▶ _Activity_
What you return should match every record exactly, with the images removed.

(Image-caption web data)
================================
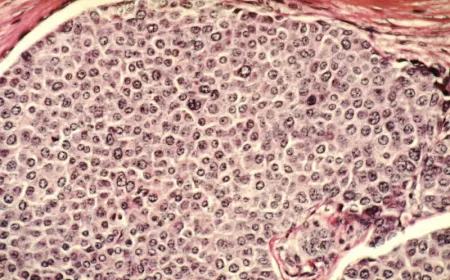 Medical ultrasound device targeting tumor tissue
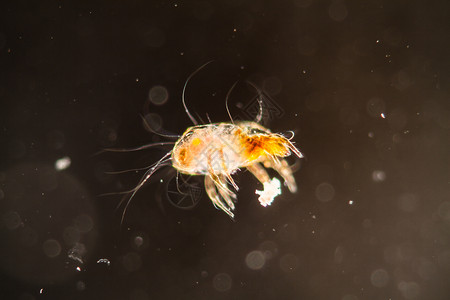 塞豪斯显微镜下的房屋灰尘泥宏观暗场过敏害虫口器螨虫疾病寄生虫科学背景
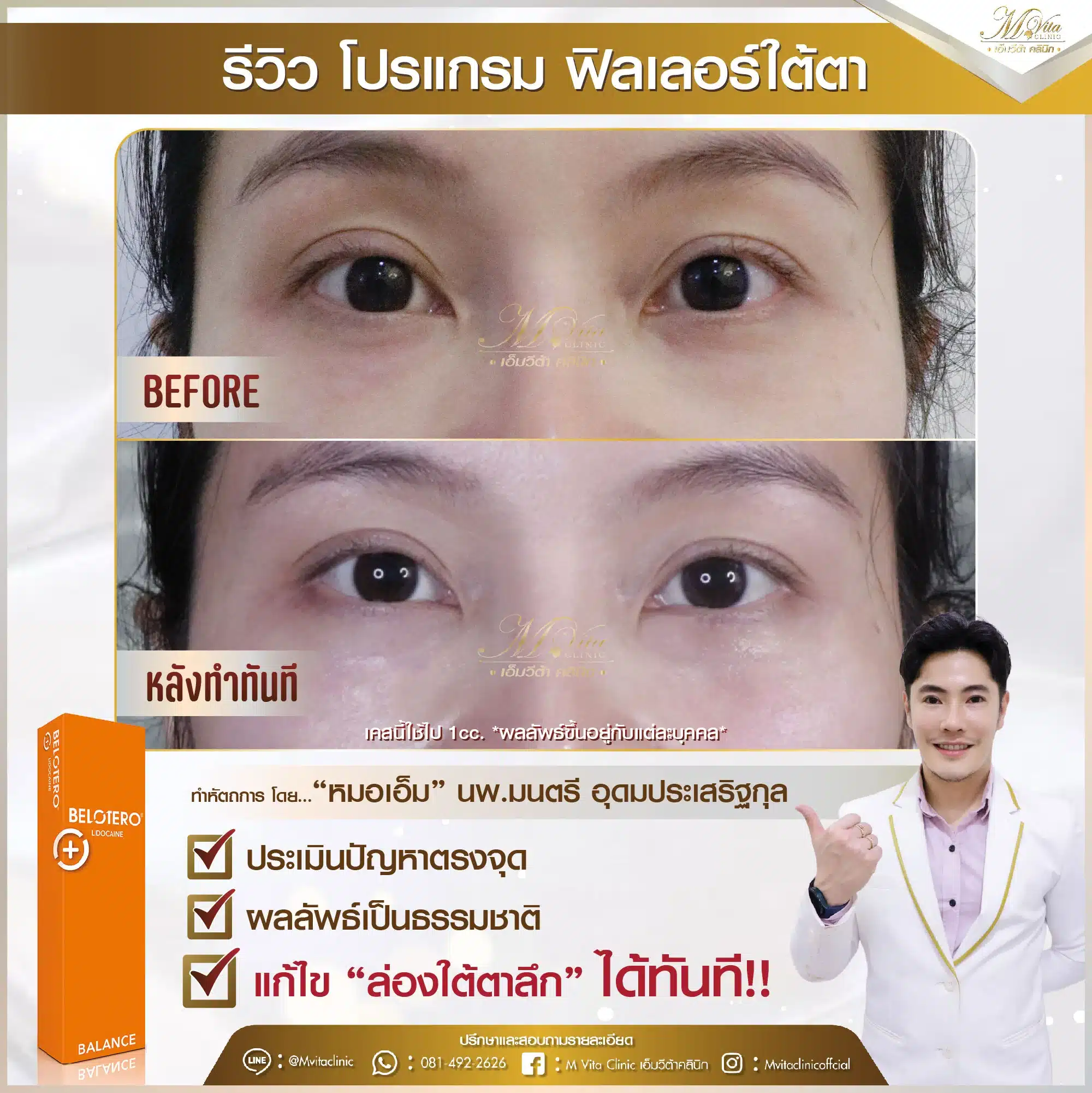 รีวิว ฟิลเลอร์ใต้ตา คุณตุ้ก-01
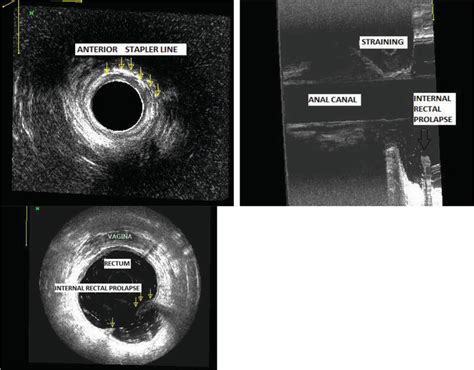 The Role Of Three Dimensional Endoanal Ultrasound In Preoperative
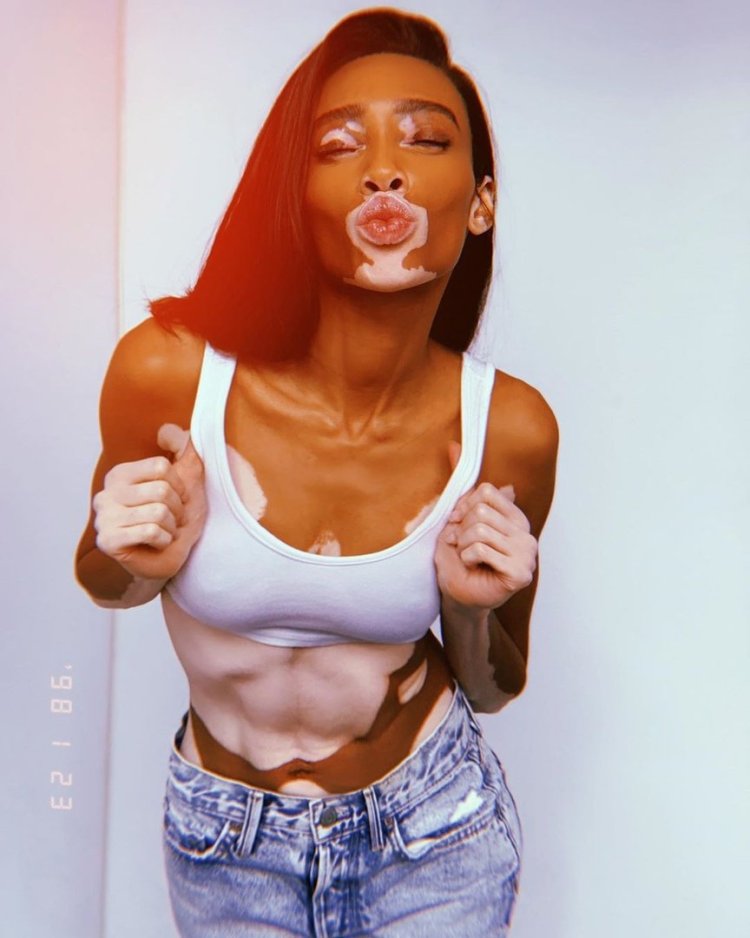 Winnie harlow canadian model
================================
▶ _Response_
 Medical ultrasound device targeting tumor tissue
 塞豪斯显微镜下的房屋灰尘泥宏观暗场过敏害虫口器螨虫疾病寄生虫科学背景
 รีวิว ฟิลเลอร์ใต้ตา คุณตุ้ก-01
 The Role Of Three Dimensional Endoanal Ultrasound In Preoperative
 Winnie harlow canadian model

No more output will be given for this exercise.